If you wanted to call a winner by lower CPU time, it’d be the MAX, but if you wanted lower execution time, it’d be the TOP 1. Of course, you could change those queries further in order to get a different winner, but I just wanted to start with an example to show you the kinds of influencing factors we’re looking for.

Again, your challenge is to find things that change their performance. I’m doing this because I saw someone say online that MAX is always faster, and that’s just not even close to the truth. There are many, many factors involved in affecting whether TOP 1 or MAX is best for a particular use, and your challenge this week is to find as many of those factors as you can. Absolutely anything is on the table! You can change the server settings, database settings, the table itself, and the query.

Put your queries in a Github Gist and their actual query plans in PasteThePlan, and include that link in your comments. Check out the solutions from other folks, and compare and contrast your work. Then, read my thoughts in the answer post. Have fun!

Dew Drop – Late Edition – August 7, 2024 (#4240) – Morning Dew by Alvin Ashcraft
August 8, 2024 1:26 am

[…] Query Exercise: What Makes SELECT TOP 1 or SELECT MAX Different? (Brent Ozar) […]

Reply
Jay Harper
August 8, 2024 7:37 am

If I recall correctly (24 years ago!), we had an issue with a trading system that was using a top 10 to push results to the GUI quickly and because it wasn’t using an index the top 10 ended up being kind of random. Some users had different records than others. Some had the same. I sorted it by fixing a particular index to the query.

Reply
- Vedran Galic
  August 8, 2024 10:59 am
  
  To ensure guaranteed sorting, you need to use ORDER BY.
  
  Reply
  - Brent Ozar
    August 8, 2024 11:00 am
    
    Bingo! You got it.

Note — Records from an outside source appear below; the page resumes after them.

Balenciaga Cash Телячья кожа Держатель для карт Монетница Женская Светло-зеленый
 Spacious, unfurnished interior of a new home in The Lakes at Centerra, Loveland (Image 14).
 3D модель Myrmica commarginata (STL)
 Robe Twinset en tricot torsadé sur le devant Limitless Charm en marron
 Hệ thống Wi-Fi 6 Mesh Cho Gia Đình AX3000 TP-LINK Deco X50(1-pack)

That was the problem Jay was hitting, I guarantee it.
    
    Reply
    - Jay Harper
      August 9, 2024 8:14 am
      
      Yep probably so. 24 years ago! 😀
      
      Reply
Montro1981
August 8, 2024 9:23 am

I don’t have access to a SO database right now, I might have time to append my post later this week.

It is funny, we got asked a similar question a while back on the SQL Discord server.

I’m going to post a link to the discord server:
https://discord.com/channels/698642420497383504/723304166902202428/1247279961610653808

The question was:
“Hello, i realised that MAX(field_name) is the same as doing the following:

SELECT TOP 1 field_name
FROM table_name
ORDER BY field_name DESC”

The answers given were:
1. For a field without an index the MAX() is cheaper because the Stream aggregate (Aggregate) operator is cheaper than the Sort (Top N Sort) operator used in the TOP 1 Column ORDER BY Column DESC.
2. For a field with a Unique Index (like a Primary key) the plans are almost equal – the MAX() query sneaks in a Stream aggregate (Aggregate) operator for 1 row.

On a larger table the TOP 1 Column ORDER BY Column DESC, might even go parallel.

So, while the results can be the same, they may result in vastly different performance and resource usage characteristics, mostly depending on your indexing situation.
This can be a fun game to play. ?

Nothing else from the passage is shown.